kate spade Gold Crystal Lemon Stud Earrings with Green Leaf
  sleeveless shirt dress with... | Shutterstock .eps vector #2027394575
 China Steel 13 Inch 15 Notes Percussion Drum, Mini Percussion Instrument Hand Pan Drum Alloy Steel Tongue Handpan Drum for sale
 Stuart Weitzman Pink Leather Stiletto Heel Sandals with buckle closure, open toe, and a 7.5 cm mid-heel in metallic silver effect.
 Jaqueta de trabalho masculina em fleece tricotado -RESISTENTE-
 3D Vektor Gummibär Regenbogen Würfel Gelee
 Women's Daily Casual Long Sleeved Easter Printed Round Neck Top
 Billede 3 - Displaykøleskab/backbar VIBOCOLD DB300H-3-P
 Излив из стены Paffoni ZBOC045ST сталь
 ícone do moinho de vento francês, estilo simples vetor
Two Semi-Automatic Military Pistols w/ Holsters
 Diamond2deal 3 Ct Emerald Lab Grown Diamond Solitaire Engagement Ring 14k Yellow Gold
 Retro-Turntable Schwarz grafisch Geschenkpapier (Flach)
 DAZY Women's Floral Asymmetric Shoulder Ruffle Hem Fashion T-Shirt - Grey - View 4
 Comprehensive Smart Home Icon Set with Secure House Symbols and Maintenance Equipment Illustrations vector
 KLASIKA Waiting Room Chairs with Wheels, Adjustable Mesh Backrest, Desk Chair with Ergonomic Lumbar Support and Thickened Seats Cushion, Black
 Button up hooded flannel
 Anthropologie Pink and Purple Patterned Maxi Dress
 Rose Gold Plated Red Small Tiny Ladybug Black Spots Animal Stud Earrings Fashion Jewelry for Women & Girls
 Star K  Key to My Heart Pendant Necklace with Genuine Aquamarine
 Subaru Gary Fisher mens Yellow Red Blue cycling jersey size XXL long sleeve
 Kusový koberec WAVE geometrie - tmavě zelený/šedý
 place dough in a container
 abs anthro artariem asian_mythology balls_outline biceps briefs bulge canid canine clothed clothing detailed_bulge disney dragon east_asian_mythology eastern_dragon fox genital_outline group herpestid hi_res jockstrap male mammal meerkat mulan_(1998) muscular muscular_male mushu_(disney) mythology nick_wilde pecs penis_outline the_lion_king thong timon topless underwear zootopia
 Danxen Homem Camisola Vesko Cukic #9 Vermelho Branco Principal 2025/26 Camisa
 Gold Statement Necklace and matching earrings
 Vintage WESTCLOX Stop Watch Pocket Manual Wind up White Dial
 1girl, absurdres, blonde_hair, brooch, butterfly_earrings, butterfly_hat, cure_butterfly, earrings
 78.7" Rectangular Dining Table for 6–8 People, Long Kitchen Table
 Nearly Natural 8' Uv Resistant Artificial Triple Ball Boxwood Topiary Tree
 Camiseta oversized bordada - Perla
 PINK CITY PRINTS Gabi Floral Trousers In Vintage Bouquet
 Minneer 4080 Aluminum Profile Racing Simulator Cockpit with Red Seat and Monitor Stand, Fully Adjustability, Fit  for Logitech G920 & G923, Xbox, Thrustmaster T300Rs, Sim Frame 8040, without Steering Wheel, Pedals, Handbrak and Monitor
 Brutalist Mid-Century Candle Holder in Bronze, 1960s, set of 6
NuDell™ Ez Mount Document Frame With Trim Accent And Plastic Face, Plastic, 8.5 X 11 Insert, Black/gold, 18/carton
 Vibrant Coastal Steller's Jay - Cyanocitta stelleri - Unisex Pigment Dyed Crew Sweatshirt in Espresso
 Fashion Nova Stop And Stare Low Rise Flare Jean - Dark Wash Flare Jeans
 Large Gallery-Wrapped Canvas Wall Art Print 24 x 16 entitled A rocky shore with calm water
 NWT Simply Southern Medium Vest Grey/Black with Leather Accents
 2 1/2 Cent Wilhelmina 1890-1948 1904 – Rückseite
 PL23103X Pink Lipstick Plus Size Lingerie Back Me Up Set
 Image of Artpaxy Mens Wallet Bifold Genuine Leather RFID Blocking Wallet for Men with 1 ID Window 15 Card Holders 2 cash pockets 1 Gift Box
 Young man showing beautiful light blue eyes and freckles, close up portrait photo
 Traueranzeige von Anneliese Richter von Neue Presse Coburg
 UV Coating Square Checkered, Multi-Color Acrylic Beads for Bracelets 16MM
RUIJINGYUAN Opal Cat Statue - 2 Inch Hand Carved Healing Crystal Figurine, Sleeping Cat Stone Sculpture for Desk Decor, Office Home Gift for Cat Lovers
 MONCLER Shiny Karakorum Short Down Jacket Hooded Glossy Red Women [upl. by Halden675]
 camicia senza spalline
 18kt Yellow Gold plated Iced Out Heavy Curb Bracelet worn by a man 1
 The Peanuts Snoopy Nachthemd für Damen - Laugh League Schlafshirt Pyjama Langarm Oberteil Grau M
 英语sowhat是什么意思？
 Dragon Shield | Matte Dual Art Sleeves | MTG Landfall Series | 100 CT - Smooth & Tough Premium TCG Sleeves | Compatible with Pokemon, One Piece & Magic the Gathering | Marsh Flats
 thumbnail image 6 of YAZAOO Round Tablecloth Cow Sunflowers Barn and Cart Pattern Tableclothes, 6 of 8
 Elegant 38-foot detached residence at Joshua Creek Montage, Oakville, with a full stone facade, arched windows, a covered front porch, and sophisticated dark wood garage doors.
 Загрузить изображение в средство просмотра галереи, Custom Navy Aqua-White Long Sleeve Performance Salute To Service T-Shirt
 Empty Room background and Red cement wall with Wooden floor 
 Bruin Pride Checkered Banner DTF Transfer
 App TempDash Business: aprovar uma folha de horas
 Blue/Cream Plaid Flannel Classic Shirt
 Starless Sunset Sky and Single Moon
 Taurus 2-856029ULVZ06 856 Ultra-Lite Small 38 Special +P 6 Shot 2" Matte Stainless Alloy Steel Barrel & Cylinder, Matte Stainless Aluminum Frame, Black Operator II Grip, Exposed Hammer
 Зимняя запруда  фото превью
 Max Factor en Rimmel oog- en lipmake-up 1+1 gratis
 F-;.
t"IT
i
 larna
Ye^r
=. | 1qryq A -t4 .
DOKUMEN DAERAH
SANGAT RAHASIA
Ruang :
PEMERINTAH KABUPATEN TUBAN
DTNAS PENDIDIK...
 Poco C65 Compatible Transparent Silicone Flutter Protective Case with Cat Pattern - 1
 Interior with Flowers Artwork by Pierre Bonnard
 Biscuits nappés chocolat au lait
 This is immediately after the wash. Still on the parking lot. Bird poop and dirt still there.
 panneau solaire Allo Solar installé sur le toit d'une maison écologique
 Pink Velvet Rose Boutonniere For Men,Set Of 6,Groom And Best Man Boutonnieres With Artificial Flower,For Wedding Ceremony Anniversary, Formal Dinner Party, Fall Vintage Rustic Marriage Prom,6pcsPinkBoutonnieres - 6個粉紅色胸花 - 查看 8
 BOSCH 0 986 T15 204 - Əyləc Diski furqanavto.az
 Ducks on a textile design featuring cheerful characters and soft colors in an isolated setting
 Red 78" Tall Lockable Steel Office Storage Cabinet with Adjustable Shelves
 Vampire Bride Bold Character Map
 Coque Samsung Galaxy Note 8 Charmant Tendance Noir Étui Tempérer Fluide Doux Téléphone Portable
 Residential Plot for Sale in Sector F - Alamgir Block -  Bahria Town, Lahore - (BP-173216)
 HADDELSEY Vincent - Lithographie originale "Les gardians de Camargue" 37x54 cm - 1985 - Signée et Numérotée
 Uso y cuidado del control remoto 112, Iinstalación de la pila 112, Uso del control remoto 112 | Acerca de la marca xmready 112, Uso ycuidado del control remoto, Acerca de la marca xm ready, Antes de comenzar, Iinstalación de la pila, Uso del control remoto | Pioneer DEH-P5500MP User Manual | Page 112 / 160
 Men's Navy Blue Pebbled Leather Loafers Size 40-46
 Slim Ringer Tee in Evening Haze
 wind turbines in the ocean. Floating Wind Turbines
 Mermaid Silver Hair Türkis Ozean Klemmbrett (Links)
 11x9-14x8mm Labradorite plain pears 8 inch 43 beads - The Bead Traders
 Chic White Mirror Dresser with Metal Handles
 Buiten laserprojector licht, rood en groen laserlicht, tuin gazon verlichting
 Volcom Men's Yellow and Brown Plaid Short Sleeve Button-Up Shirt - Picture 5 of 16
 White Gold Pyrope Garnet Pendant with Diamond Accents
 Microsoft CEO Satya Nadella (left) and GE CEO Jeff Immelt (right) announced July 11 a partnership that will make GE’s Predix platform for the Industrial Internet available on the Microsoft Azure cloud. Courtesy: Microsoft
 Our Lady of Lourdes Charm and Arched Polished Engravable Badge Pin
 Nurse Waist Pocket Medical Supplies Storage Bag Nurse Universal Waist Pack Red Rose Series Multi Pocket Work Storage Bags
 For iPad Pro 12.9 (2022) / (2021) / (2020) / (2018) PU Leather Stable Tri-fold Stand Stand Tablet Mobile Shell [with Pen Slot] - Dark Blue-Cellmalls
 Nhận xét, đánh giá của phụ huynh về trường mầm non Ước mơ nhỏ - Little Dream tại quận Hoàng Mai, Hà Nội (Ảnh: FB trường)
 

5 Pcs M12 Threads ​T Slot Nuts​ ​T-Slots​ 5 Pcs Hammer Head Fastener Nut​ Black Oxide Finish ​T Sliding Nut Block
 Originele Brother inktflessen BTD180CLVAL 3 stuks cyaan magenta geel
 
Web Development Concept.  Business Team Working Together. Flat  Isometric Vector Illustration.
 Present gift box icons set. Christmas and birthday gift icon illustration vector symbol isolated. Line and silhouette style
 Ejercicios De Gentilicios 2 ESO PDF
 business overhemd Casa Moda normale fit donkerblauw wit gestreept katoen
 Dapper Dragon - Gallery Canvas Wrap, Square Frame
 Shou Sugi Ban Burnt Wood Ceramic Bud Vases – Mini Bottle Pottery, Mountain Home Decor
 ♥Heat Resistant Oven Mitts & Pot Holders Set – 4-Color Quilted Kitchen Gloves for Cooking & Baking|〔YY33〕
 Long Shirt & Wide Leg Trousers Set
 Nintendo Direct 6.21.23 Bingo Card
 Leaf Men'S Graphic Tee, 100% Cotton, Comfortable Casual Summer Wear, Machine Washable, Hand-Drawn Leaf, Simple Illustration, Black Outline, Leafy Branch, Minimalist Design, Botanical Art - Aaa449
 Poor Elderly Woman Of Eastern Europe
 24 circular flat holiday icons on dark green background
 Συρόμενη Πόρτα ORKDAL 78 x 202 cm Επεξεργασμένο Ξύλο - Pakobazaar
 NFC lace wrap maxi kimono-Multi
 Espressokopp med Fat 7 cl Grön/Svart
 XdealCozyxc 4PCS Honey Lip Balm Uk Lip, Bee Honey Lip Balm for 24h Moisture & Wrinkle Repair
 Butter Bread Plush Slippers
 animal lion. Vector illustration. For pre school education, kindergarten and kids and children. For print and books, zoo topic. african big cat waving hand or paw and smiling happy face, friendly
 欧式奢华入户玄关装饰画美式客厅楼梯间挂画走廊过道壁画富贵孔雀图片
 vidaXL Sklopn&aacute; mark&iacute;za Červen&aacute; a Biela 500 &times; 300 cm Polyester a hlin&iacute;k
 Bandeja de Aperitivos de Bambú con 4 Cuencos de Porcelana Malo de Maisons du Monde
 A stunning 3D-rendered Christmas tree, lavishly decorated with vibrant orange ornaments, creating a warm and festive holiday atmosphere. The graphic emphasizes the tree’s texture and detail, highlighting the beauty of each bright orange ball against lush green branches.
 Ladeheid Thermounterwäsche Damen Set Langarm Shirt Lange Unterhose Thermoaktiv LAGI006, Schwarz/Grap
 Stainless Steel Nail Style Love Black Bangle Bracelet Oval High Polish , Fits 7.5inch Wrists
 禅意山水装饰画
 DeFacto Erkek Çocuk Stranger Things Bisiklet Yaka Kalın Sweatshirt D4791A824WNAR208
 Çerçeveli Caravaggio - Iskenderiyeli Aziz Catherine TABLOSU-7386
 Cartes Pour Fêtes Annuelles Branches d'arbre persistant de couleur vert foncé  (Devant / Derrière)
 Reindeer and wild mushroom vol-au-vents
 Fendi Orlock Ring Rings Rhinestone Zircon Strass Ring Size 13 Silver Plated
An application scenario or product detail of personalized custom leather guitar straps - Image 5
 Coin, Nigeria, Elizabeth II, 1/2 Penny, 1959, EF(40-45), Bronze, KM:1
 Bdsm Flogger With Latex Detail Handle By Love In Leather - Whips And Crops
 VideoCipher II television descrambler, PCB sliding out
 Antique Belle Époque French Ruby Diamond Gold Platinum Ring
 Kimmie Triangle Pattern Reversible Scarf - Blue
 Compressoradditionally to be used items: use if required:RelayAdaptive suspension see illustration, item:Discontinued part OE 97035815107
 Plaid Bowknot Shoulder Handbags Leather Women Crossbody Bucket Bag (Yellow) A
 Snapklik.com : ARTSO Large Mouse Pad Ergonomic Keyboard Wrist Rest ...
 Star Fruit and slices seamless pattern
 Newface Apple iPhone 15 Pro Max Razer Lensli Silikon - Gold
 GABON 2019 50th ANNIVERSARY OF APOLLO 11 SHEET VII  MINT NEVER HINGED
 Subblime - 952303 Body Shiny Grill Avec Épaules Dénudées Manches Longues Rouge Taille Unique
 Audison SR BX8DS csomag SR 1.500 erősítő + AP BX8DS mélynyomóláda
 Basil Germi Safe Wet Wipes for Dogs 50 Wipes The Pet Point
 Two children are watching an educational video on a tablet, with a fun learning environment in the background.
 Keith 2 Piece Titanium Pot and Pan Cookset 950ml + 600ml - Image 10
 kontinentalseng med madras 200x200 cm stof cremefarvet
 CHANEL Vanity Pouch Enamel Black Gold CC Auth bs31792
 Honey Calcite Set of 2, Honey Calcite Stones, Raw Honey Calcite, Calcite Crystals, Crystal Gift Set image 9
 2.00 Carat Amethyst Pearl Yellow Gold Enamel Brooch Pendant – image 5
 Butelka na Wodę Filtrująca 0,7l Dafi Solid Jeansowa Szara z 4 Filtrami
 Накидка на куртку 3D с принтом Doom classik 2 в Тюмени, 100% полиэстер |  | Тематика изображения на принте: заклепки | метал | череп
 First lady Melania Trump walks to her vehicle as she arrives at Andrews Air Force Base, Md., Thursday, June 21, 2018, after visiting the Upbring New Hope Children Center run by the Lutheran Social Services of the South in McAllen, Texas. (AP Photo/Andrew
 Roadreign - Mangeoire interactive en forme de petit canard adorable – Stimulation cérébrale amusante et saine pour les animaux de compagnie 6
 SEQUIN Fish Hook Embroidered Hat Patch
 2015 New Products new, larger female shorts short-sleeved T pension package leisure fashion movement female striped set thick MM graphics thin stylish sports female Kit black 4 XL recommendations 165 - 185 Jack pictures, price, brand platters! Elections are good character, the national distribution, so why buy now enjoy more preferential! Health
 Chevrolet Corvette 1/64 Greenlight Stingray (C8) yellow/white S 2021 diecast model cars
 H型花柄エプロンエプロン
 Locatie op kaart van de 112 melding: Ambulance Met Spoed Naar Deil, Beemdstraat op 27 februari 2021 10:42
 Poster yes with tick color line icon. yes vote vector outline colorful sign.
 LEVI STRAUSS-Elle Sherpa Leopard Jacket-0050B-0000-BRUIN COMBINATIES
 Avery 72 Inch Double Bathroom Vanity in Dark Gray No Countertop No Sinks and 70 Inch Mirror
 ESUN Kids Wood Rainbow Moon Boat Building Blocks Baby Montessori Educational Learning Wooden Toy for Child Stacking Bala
★ ★ ★ ★
Task statement
Nothing should be returned except the lines from the one holding "First lady Melania" through the final line of the listing, exactly as they appear.

Solution below
 First lady Melania Trump walks to her vehicle as she arrives at Andrews Air Force Base, Md., Thursday, June 21, 2018, after visiting the Upbring New Hope Children Center run by the Lutheran Social Services of the South in McAllen, Texas. (AP Photo/Andrew
 Roadreign - Mangeoire interactive en forme de petit canard adorable – Stimulation cérébrale amusante et saine pour les animaux de compagnie 6
 SEQUIN Fish Hook Embroidered Hat Patch
 2015 New Products new, larger female shorts short-sleeved T pension package leisure fashion movement female striped set thick MM graphics thin stylish sports female Kit black 4 XL recommendations 165 - 185 Jack pictures, price, brand platters! Elections are good character, the national distribution, so why buy now enjoy more preferential! Health
 Chevrolet Corvette 1/64 Greenlight Stingray (C8) yellow/white S 2021 diecast model cars
 H型花柄エプロンエプロン
 Locatie op kaart van de 112 melding: Ambulance Met Spoed Naar Deil, Beemdstraat op 27 februari 2021 10:42
 Poster yes with tick color line icon. yes vote vector outline colorful sign.
 LEVI STRAUSS-Elle Sherpa Leopard Jacket-0050B-0000-BRUIN COMBINATIES
 Avery 72 Inch Double Bathroom Vanity in Dark Gray No Countertop No Sinks and 70 Inch Mirror
 ESUN Kids Wood Rainbow Moon Boat Building Blocks Baby Montessori Educational Learning Wooden Toy for Child Stacking Bala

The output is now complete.